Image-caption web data

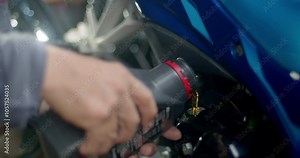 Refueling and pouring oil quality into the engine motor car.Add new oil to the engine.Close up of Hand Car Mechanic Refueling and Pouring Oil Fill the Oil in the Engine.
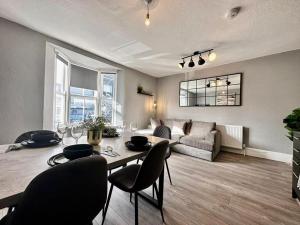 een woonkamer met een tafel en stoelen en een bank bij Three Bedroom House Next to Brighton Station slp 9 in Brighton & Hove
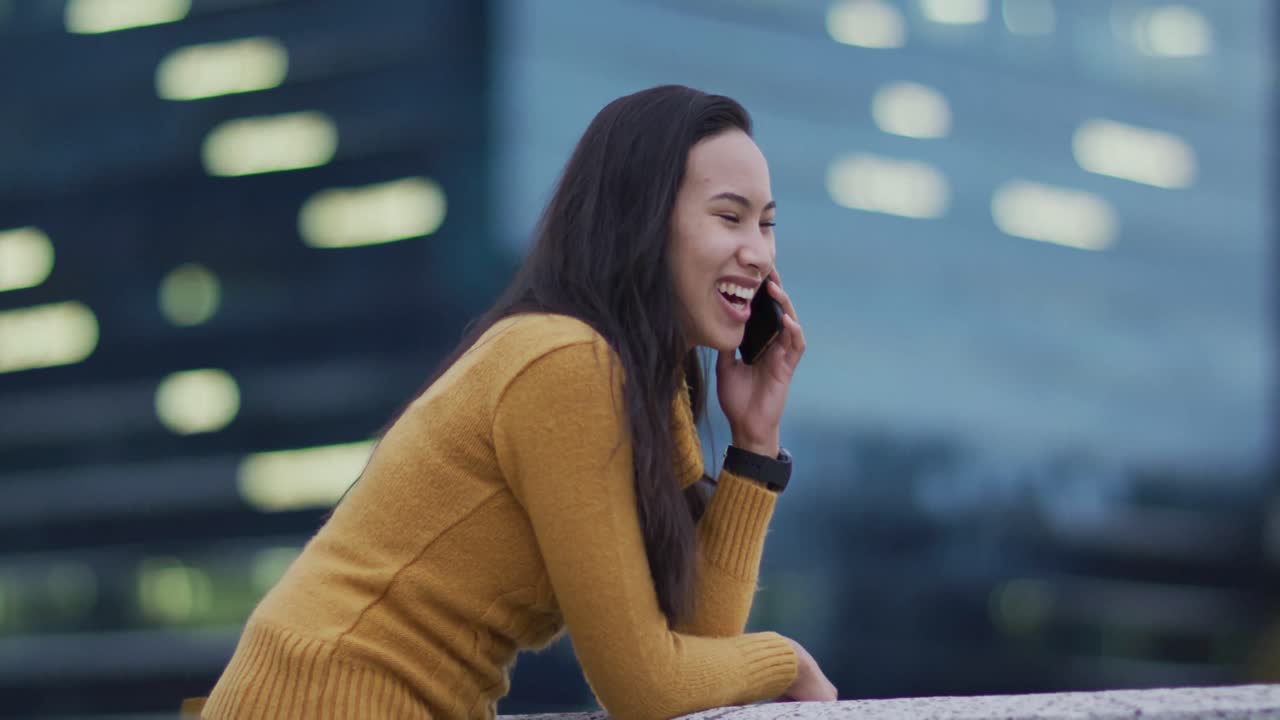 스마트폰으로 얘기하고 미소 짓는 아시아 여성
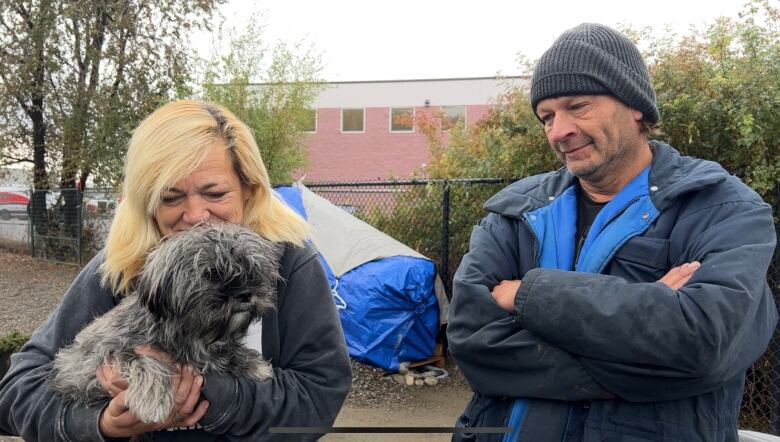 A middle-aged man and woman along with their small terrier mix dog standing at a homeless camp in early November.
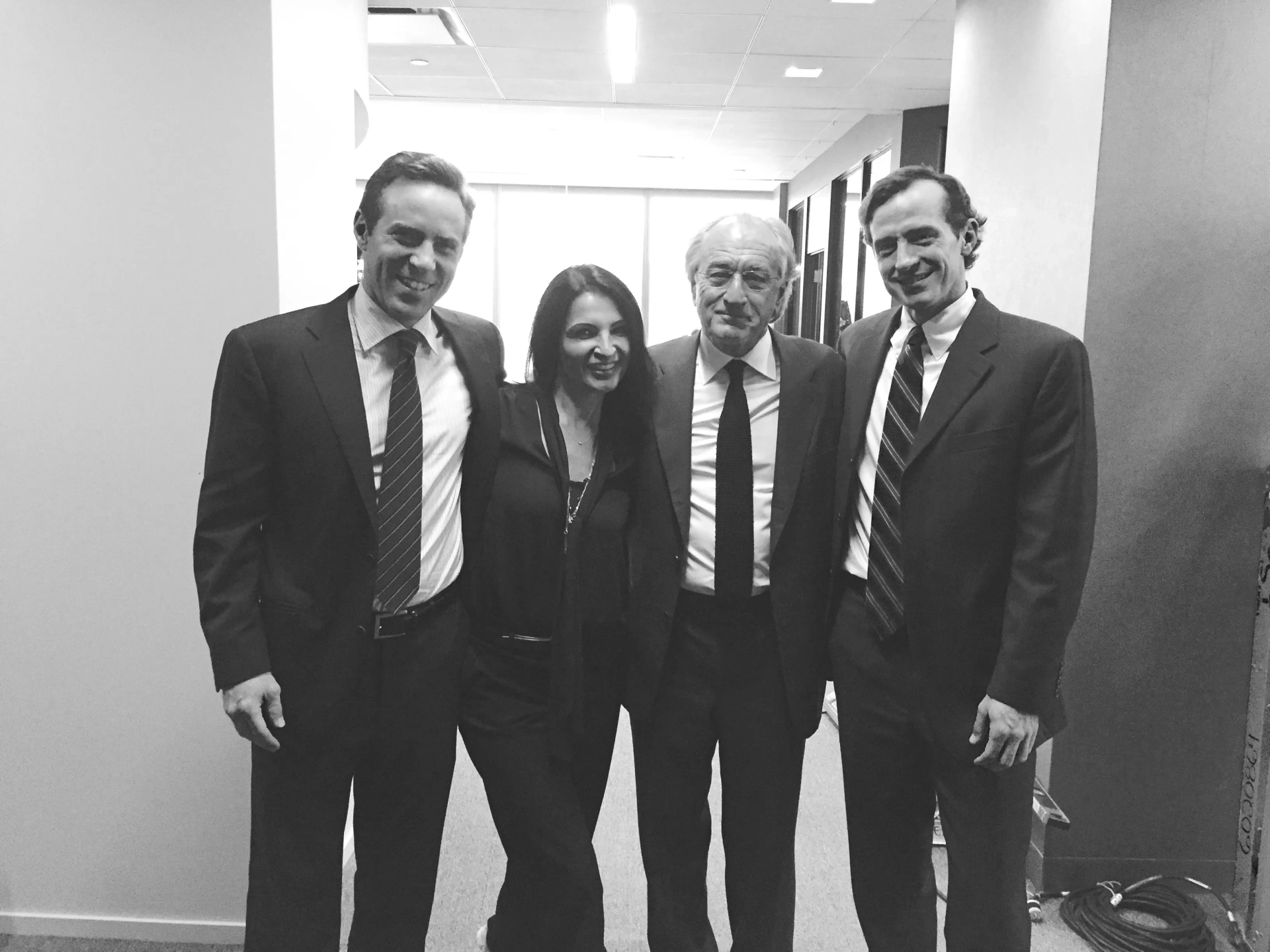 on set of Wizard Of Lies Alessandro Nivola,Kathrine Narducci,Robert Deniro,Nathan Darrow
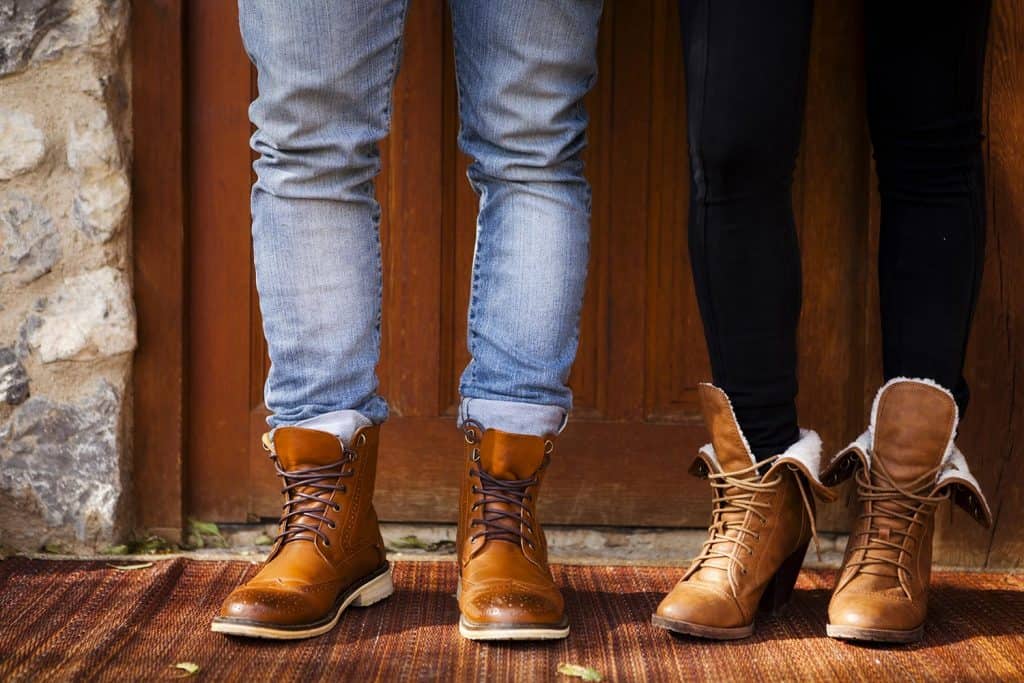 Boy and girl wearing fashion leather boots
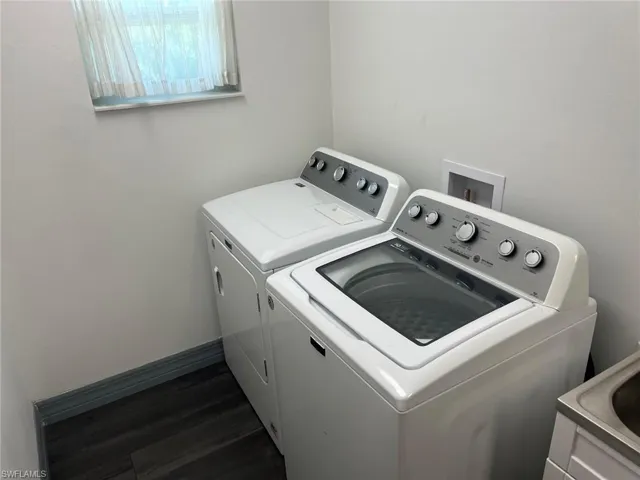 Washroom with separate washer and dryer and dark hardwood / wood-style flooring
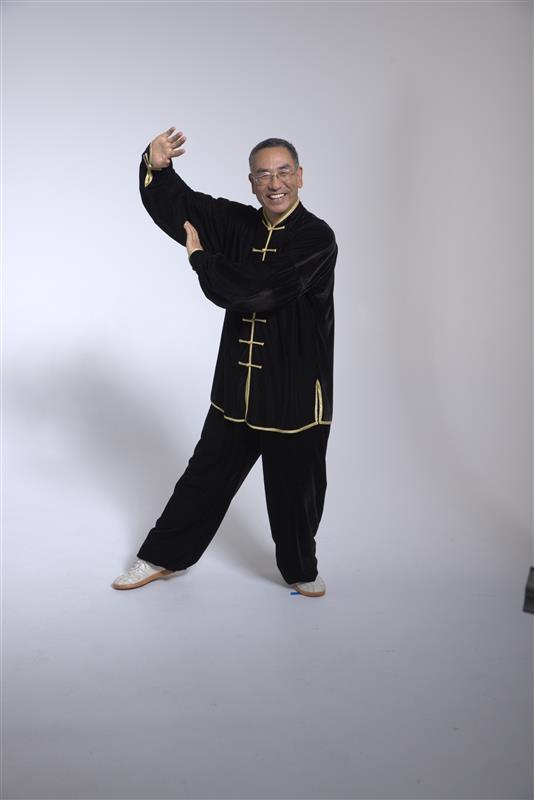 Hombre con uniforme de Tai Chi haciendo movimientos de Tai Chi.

#### ACTIVITY:
Each entry should be repeated exactly as it appears; the pictures stay out.

#### WRITTEN REPLY:
 Refueling and pouring oil quality into the engine motor car.Add new oil to the engine.Close up of Hand Car Mechanic Refueling and Pouring Oil Fill the Oil in the Engine.
 een woonkamer met een tafel en stoelen en een bank bij Three Bedroom House Next to Brighton Station slp 9 in Brighton & Hove
 스마트폰으로 얘기하고 미소 짓는 아시아 여성
 A middle-aged man and woman along with their small terrier mix dog standing at a homeless camp in early November.
 on set of Wizard Of Lies Alessandro Nivola,Kathrine Narducci,Robert Deniro,Nathan Darrow
 Boy and girl wearing fashion leather boots
 Washroom with separate washer and dryer and dark hardwood / wood-style flooring
 Hombre con uniforme de Tai Chi haciendo movimientos de Tai Chi.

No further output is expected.